– Exacto, un francés que respondía al nombre de profesor Plateau.

El cual, descubierto el principio, se lanzó como un tiburón a experimentar con diferentes artefactos construidos por él mismo, con el objetivo de crear efectos de movimiento mediante la sucesión de imágenes fijas pasadas a gran velocidad. Entonces nació el zoótropo.

– ¿Sabe usted qué es? -dijo Óscar Amalfitano.

– Tuve uno de niño -dijo Charly Cruz-. Y también tuve un disco mágico.

– Un disco mágico -dijo Óscar Amalfitano-. Qué interesante.

¿Se acuerda de él? ¿Me lo podría describir?
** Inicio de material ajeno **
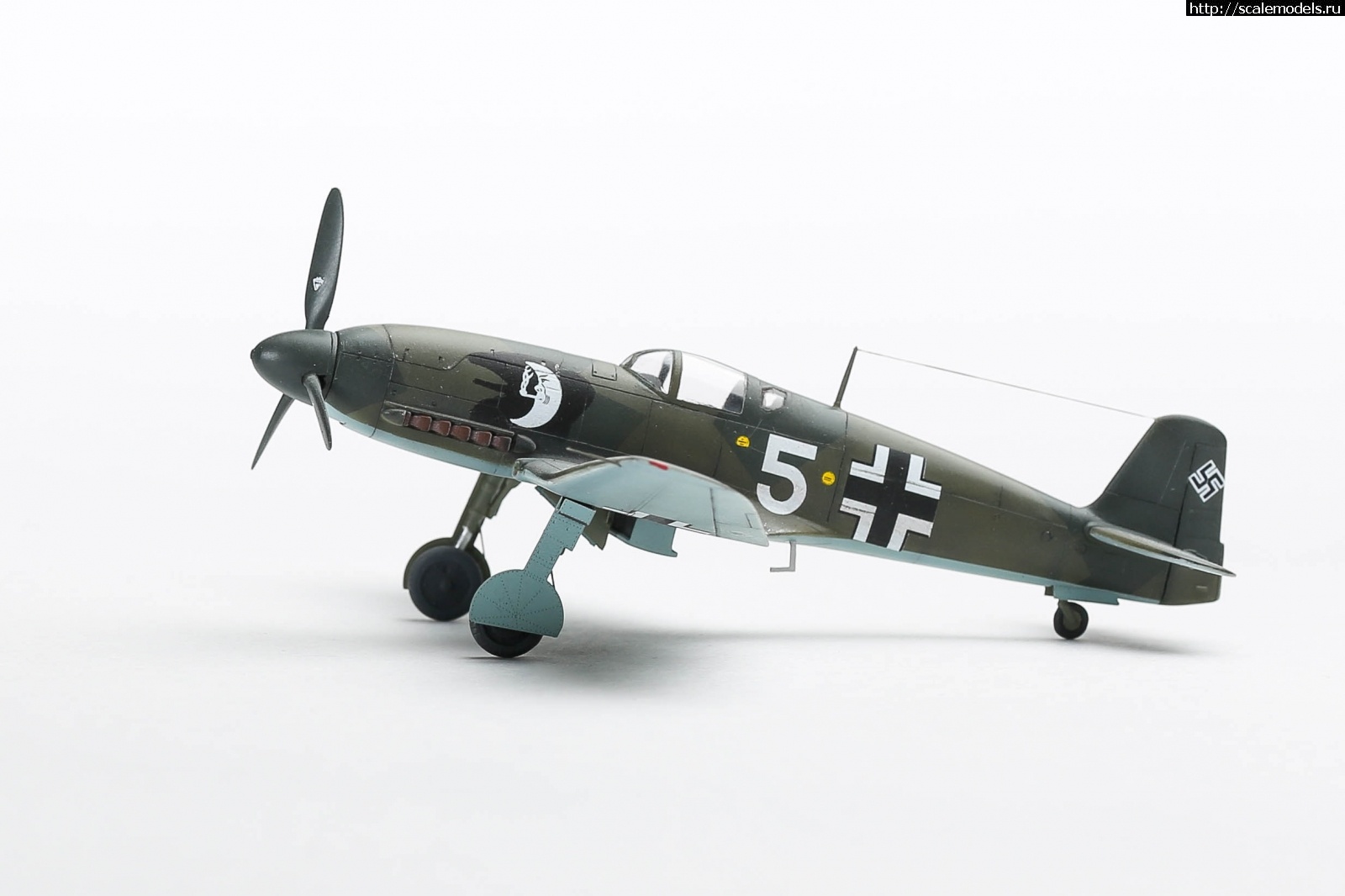 1655660018_235B5680.JPG : #1743489/ Heinkel He 100D-0 (He 113 Propaganda fighter) SH 1/72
– Se lo podría hacer ahora mismo -dijo Charly Cruz-, sólo necesito una cartulina, dos lápices de colores y un hilo, si no me acuerdo mal.

– Ah no, ah no, ah no, no es necesario -dijo Óscar Amalfitano -. Con una buena descripción me basta. En cierta forma todos tenemos millones de discos mágicos flotando o girando dentro del cerebro.

– ¿Ah, sí? -dijo Charly Cruz.

– Híjole -dijo Rosa Méndez.

– Bueno, pues era un borrachito riéndose. Eso era lo que estaba dibujado en una cara del disco. Y en la otra cara estaba dibujada una celda, es decir los barrotes de una celda. Cuando hacía girar el disco el borrachito que se reía estaba dentro de la prisión.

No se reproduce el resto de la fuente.